** What this task involves **
Write out the full listing, matching it line for line.

** Data under study **
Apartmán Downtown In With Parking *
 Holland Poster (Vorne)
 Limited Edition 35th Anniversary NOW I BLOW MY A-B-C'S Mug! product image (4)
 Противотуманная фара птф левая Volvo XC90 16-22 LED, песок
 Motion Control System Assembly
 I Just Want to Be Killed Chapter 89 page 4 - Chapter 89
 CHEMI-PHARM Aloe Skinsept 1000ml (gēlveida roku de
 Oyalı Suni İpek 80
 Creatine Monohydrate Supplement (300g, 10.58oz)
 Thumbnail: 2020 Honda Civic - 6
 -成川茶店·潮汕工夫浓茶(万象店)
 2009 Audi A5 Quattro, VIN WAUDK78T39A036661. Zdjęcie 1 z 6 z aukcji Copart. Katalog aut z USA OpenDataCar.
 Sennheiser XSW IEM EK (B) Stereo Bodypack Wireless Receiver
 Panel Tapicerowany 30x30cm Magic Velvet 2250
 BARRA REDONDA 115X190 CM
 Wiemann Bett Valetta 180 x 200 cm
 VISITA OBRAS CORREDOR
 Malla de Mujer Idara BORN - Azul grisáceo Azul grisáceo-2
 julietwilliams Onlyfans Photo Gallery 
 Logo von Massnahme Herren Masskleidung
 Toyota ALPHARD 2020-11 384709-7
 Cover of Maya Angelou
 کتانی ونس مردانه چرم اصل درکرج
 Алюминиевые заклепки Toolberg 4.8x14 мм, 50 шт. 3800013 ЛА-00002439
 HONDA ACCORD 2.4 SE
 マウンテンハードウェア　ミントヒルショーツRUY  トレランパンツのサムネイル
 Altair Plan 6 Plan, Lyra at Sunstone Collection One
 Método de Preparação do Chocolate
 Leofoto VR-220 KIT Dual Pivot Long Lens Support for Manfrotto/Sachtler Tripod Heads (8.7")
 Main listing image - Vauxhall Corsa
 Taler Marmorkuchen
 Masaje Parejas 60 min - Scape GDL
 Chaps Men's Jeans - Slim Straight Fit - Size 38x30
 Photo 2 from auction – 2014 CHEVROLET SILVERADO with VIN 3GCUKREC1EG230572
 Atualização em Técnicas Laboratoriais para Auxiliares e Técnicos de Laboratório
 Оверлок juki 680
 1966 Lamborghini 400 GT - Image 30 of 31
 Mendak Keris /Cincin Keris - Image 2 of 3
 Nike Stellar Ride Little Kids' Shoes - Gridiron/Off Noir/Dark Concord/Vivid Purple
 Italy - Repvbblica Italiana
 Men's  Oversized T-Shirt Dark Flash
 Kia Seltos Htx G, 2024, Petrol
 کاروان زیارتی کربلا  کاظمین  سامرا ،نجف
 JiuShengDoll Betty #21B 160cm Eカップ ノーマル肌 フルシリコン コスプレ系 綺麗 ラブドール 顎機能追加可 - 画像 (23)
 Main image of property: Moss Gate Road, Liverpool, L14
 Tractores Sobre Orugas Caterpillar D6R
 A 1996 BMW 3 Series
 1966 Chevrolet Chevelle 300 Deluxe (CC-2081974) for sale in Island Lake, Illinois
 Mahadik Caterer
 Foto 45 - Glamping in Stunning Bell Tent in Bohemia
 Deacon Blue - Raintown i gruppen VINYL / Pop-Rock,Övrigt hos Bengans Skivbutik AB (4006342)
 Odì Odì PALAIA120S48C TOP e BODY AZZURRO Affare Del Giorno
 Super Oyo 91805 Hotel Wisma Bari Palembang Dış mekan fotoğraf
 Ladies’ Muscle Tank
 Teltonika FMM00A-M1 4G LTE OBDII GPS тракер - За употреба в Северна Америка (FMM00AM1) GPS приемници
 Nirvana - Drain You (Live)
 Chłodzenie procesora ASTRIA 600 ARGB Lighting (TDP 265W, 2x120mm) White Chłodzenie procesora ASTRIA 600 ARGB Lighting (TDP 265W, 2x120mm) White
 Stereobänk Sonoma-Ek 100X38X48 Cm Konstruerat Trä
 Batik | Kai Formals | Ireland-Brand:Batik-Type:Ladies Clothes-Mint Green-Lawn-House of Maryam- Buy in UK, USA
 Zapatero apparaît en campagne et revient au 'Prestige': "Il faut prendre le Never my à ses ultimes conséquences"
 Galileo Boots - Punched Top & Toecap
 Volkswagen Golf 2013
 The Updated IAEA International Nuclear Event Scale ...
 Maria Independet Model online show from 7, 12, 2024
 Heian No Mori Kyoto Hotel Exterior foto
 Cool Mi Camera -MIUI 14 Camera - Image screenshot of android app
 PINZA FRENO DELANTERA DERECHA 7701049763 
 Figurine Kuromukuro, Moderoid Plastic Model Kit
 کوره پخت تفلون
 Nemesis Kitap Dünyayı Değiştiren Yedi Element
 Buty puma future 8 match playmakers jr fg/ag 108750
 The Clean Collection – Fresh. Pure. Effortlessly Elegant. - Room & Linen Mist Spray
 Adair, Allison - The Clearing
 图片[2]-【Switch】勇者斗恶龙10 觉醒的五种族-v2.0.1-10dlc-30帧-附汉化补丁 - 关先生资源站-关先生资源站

** Solution for this task **
Apartmán Downtown In With Parking *
 Holland Poster (Vorne)
 Limited Edition 35th Anniversary NOW I BLOW MY A-B-C'S Mug! product image (4)
 Противотуманная фара птф левая Volvo XC90 16-22 LED, песок
 Motion Control System Assembly
 I Just Want to Be Killed Chapter 89 page 4 - Chapter 89
 CHEMI-PHARM Aloe Skinsept 1000ml (gēlveida roku de
 Oyalı Suni İpek 80
 Creatine Monohydrate Supplement (300g, 10.58oz)
 Thumbnail: 2020 Honda Civic - 6
 -成川茶店·潮汕工夫浓茶(万象店)
 2009 Audi A5 Quattro, VIN WAUDK78T39A036661. Zdjęcie 1 z 6 z aukcji Copart. Katalog aut z USA OpenDataCar.
 Sennheiser XSW IEM EK (B) Stereo Bodypack Wireless Receiver
 Panel Tapicerowany 30x30cm Magic Velvet 2250
 BARRA REDONDA 115X190 CM
 Wiemann Bett Valetta 180 x 200 cm
 VISITA OBRAS CORREDOR
 Malla de Mujer Idara BORN - Azul grisáceo Azul grisáceo-2
 julietwilliams Onlyfans Photo Gallery 
 Logo von Massnahme Herren Masskleidung
 Toyota ALPHARD 2020-11 384709-7
 Cover of Maya Angelou
 کتانی ونس مردانه چرم اصل درکرج
 Алюминиевые заклепки Toolberg 4.8x14 мм, 50 шт. 3800013 ЛА-00002439
 HONDA ACCORD 2.4 SE
 マウンテンハードウェア　ミントヒルショーツRUY  トレランパンツのサムネイル
 Altair Plan 6 Plan, Lyra at Sunstone Collection One
 Método de Preparação do Chocolate
 Leofoto VR-220 KIT Dual Pivot Long Lens Support for Manfrotto/Sachtler Tripod Heads (8.7")
 Main listing image - Vauxhall Corsa
 Taler Marmorkuchen
 Masaje Parejas 60 min - Scape GDL
 Chaps Men's Jeans - Slim Straight Fit - Size 38x30
 Photo 2 from auction – 2014 CHEVROLET SILVERADO with VIN 3GCUKREC1EG230572
 Atualização em Técnicas Laboratoriais para Auxiliares e Técnicos de Laboratório
 Оверлок juki 680
 1966 Lamborghini 400 GT - Image 30 of 31
 Mendak Keris /Cincin Keris - Image 2 of 3
 Nike Stellar Ride Little Kids' Shoes - Gridiron/Off Noir/Dark Concord/Vivid Purple
 Italy - Repvbblica Italiana
 Men's  Oversized T-Shirt Dark Flash
 Kia Seltos Htx G, 2024, Petrol
 کاروان زیارتی کربلا  کاظمین  سامرا ،نجف
 JiuShengDoll Betty #21B 160cm Eカップ ノーマル肌 フルシリコン コスプレ系 綺麗 ラブドール 顎機能追加可 - 画像 (23)
 Main image of property: Moss Gate Road, Liverpool, L14
 Tractores Sobre Orugas Caterpillar D6R
 A 1996 BMW 3 Series
 1966 Chevrolet Chevelle 300 Deluxe (CC-2081974) for sale in Island Lake, Illinois
 Mahadik Caterer
 Foto 45 - Glamping in Stunning Bell Tent in Bohemia
 Deacon Blue - Raintown i gruppen VINYL / Pop-Rock,Övrigt hos Bengans Skivbutik AB (4006342)
 Odì Odì PALAIA120S48C TOP e BODY AZZURRO Affare Del Giorno
 Super Oyo 91805 Hotel Wisma Bari Palembang Dış mekan fotoğraf
 Ladies’ Muscle Tank
 Teltonika FMM00A-M1 4G LTE OBDII GPS тракер - За употреба в Северна Америка (FMM00AM1) GPS приемници
 Nirvana - Drain You (Live)
 Chłodzenie procesora ASTRIA 600 ARGB Lighting (TDP 265W, 2x120mm) White Chłodzenie procesora ASTRIA 600 ARGB Lighting (TDP 265W, 2x120mm) White
 Stereobänk Sonoma-Ek 100X38X48 Cm Konstruerat Trä
 Batik | Kai Formals | Ireland-Brand:Batik-Type:Ladies Clothes-Mint Green-Lawn-House of Maryam- Buy in UK, USA
 Zapatero apparaît en campagne et revient au 'Prestige': "Il faut prendre le Never my à ses ultimes conséquences"
 Galileo Boots - Punched Top & Toecap
 Volkswagen Golf 2013
 The Updated IAEA International Nuclear Event Scale ...
 Maria Independet Model online show from 7, 12, 2024
 Heian No Mori Kyoto Hotel Exterior foto
 Cool Mi Camera -MIUI 14 Camera - Image screenshot of android app
 PINZA FRENO DELANTERA DERECHA 7701049763 
 Figurine Kuromukuro, Moderoid Plastic Model Kit
 کوره پخت تفلون
 Nemesis Kitap Dünyayı Değiştiren Yedi Element
 Buty puma future 8 match playmakers jr fg/ag 108750
 The Clean Collection – Fresh. Pure. Effortlessly Elegant. - Room & Linen Mist Spray
 Adair, Allison - The Clearing
 图片[2]-【Switch】勇者斗恶龙10 觉醒的五种族-v2.0.1-10dlc-30帧-附汉化补丁 - 关先生资源站-关先生资源站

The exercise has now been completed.